The policy most in accord with maintaining natural capital is the cap-and-trade system: a limit is placed on the total amount of throughput allowed, in conformity with the capacity of the environment to regenerate resources or to absorb pollution. The right to deplete sources such as the oceans or to pollute sinks such as the atmosphere is no longer a free good but a scarce asset that can be bought and sold on a free market, once its initial ownership is decided. Cap-and-trade systems that have been implemented include the Environmental Protection Agency's scheme for trading sulfur dioxide emission permits to limit acid rain and New Zealand's reduction of overfishing by individual transferable fish-catch quotas.

The cap-and-trade system is an example of the distinct roles of free markets and government policy. Economic theory has traditionally dealt mainly with allocation (the apportionment of scarce resources among competing uses). It has not dealt with the issue of scale (the physical size of the economy relative to the ecosystem). Properly functioning markets allocate resources efficiently, but they cannot determine the sustainable scale; that can be achieved only by government policy.

Adjustments Needed

The transistion to a sustainable economy would require many adjustments to economic policy. Some such changes are already apparent. The US Social Security system, for example, faces difficulties because the demographic transition to a nongrowing population is leading to a smaller number of working age people and a larger number of retirees. Adjustment requires higher taxes, an older retirement age or reduced pensions. Despite assertions to the contrary, the system is hardly in crisis. But one or more of those adjustments are surely needed for the system to maintain itself.

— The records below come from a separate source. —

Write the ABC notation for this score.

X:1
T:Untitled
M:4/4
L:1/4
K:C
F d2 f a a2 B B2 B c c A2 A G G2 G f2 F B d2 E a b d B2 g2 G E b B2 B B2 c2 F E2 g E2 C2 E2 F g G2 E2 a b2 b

Product lifetimes. A sustainable economy requires a "demographic transition" not only of people but of goods - production rates should equal depreciation rates. The rates can be equal, however, at either high or low levels, and lower rates are better both for the sake of greater durability of goods and for attaining sustainability. Longer-lived, more durable products can be replaced more slowly, thus requiring lower rates of resource use. The transition is analogous to a feature of ecological succession. Young, growing ecosystems have a tendency to maximize growth efficiency measured by production per unit of existing biomass. In mature ecosystems the emphasis shifts to maximizing maintenance efficiency, measured by how much existing biomass is maintained per unit of new production - the inverse of production efficiency. Our economic thinking and institutions must make a similar adjustment if sustainability is to be achieved. One adaptation in this direction is the service contract for leased commodities, ranging from photocopiers to carpets; in this scenario, the vendor owns, maintains, reclaims and recycles the product at the end of its useful life.

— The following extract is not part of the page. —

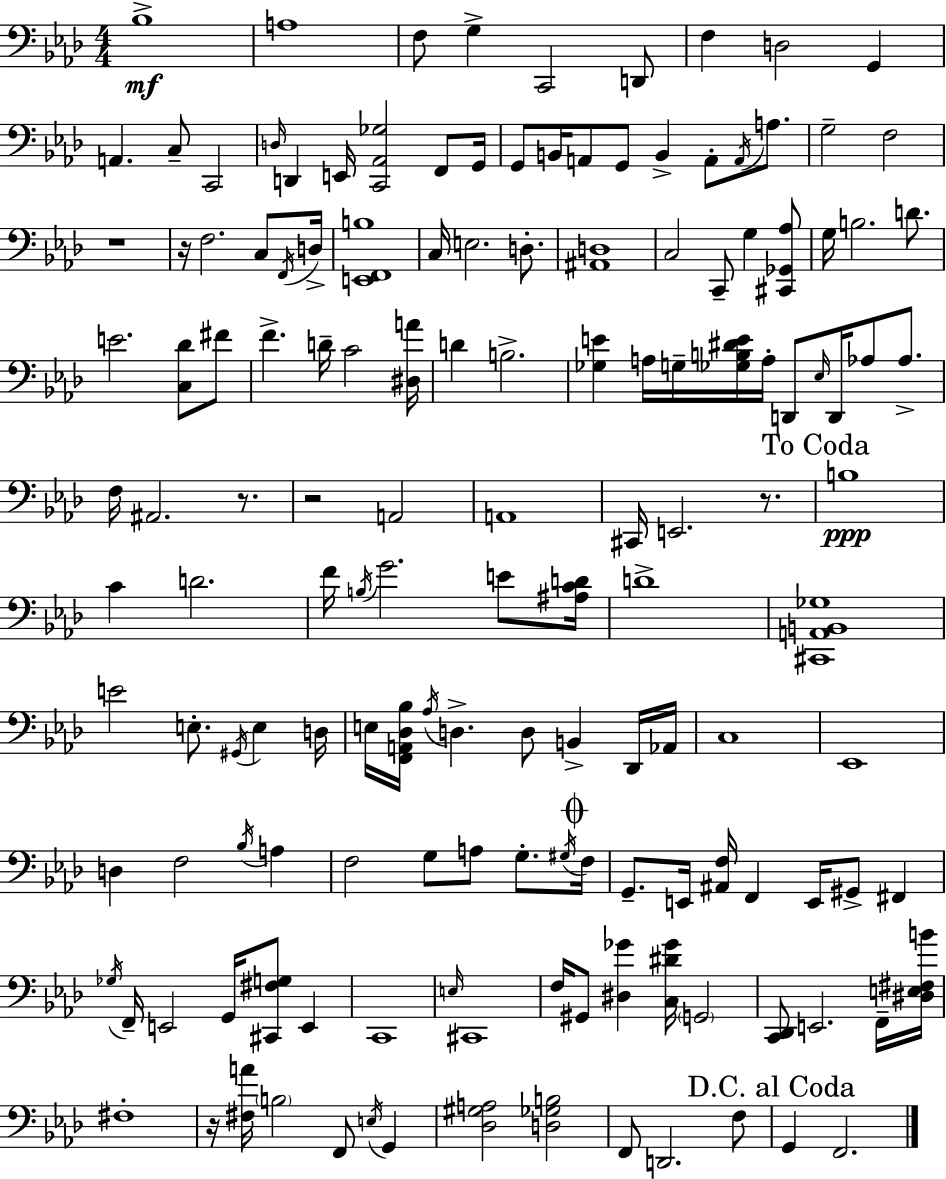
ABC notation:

GDP growth. Because of qualitative improvements and enhanced efficiency, GDP could still grow even with constant throughput - some think by a great deal. Environmentalists would be happy because throughput would not be growing; economists would be happy because GDP would be growing. This form of "growth", actually development as defined earlier, should be pushed as far as it will go, but there are several limits to the process. Sectors of the economy generally thought to be more qualitative, such as information technology, turn out on closer inspection to have a substantial physical base. Also, to be useful to the poor, expansion must consist of goods the poor need - clothing, shelter and food on the plate, not 10,000 recipes on the Internet. Even the wealthy spend most of their income on cars, houses and trips rather than on intangibles.

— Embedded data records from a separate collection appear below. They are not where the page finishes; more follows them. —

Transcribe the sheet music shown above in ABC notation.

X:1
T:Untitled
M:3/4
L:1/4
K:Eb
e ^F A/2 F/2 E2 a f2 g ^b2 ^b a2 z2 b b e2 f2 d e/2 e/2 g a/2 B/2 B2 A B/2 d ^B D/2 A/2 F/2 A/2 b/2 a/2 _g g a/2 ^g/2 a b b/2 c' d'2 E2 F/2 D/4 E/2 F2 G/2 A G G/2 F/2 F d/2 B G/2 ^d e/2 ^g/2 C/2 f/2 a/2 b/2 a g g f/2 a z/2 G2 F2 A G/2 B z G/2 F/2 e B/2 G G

The financial sector. In a sustainable economy, the lack of growth would most likely cause interest rates to fall. The financial sector would probably shrink, because low interest and growth rates could not support the enormous superstructure of financial transactions - based largely on debt and expectations of future economic growth - that now sits uneasily atop the physical economy. In a sustainable economy, investment would be mainly for replacement and qualitative improvement, instead of for speculation on quantitative expansion, and would occur less often.

Trade. Free trade would not be feasible in a world having both sustainable and unsustainable economies, because the former would necessarily count many costs to the environment and future that would be ignored in the growth economies. Unsustainable economies could then underprice their sustainable rivals, not by being more efficient but simply because they had not paid the cost of sustainability. Regulated trade under rules that compensated for these differences could exist, as could free trade among nations that were equally committed to sustainability. Many people regard such restrictions on trade as onerous, but in fact trade is currently heavily regulated in ways that are detrimental to the environment [see "Sustaining the Variety of Life", by Stuart L Pimm and Clinton Jenkins, on page 66].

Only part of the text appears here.